A designer Thayná Reis, 28, decidiu vender parte de seus photocards para recuperar o dinheiro que gastou e viajar ao Japão –onde pretende comprar cards mais baratos. “Acho que sou muito impulsiva, a maioria dos fãs também. Mas é um hobby divertido e mais barato do que outros”, diz. Fã de k-pop desde os 12 anos, ela começou a colecionar em 2014 e já gastou cerca de R$ 20 mil. Uma vez, comprou um por R$ 1.500, mas era falso.
Com a popularização desses itens colecionáveis, surgiram produtos falsificados. Para averiguar a veracidade, os fãs fazem tal qual as cédulas de R$ 100 e observam a textura e brilho do cartãozinho, além do material. Por outro lado, fãs que não querem desembolsar tanto criam suas próprias versões, conhecidas como “fanmades”.
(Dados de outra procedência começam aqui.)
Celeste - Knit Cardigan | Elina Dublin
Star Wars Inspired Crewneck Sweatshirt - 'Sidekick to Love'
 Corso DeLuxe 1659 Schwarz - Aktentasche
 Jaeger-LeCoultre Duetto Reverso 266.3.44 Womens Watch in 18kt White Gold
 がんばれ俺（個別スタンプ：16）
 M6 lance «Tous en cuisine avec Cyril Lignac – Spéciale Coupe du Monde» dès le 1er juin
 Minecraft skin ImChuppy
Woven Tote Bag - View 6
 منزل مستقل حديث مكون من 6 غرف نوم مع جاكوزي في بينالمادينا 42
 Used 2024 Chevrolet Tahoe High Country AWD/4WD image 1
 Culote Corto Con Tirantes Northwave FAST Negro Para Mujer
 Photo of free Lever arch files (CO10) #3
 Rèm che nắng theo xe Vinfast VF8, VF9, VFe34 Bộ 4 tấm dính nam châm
Como todos esses produtos são importados, a solução dos fãs para economizar foi fazer compras em grupo, as chamadas “CEGs”. Os itens são encomendados em grandes quantidades de outros países, e o frete é dividido. O produto, no entanto, demora meses para chegar e corre o risco de ser barrado ou taxado na alfândega.
Essas negociações costumam ser feitas em redes sociais como X e em grupos de WhatsApp, que são divididos por cada artista de k-pop. Para montar uma coleção, é mais viável escolher um único grupo ou um integrante, já que cada ídolo chega a ter centenas de versões diferentes de photocard. Segundo dados do Google Trends, entre os grupos mais pesquisados por photocard estão BTS, Blackpink, Stray Kids e Twice.
Mas, caso o ídolo seja expulso do grupo ou se envolva em alguma polêmica, o preço de mercado despenca. O estudante de aviação Victor Hugo, 25, tinha juntado mais de 500 photocards do Taeil, cantor do NCT 127, quando ele foi denunciado por violência sexual –caso hoje em investigação. Hoje, as fotos estão guardadas numa caixa no fundo do guarda-roupa. “Não consigo nem olhar pra elas”, ele diz.
O estudante herdou a coleção de chaveiros do pai e já colecionou outros itens antes. Com k-pop, calcula ter gastado R$ 10 mil. Hoje, comanda uma lojinha de produtos de k-pop com o amigo. Eles viajaram de ônibus do Rio com malas e caixas cheias para vender no evento. Para ele, assim como outros colecionadores, eles gostam de fazer parte dessa comunidade de quem tem os mesmos gostos que eles e formam amizades.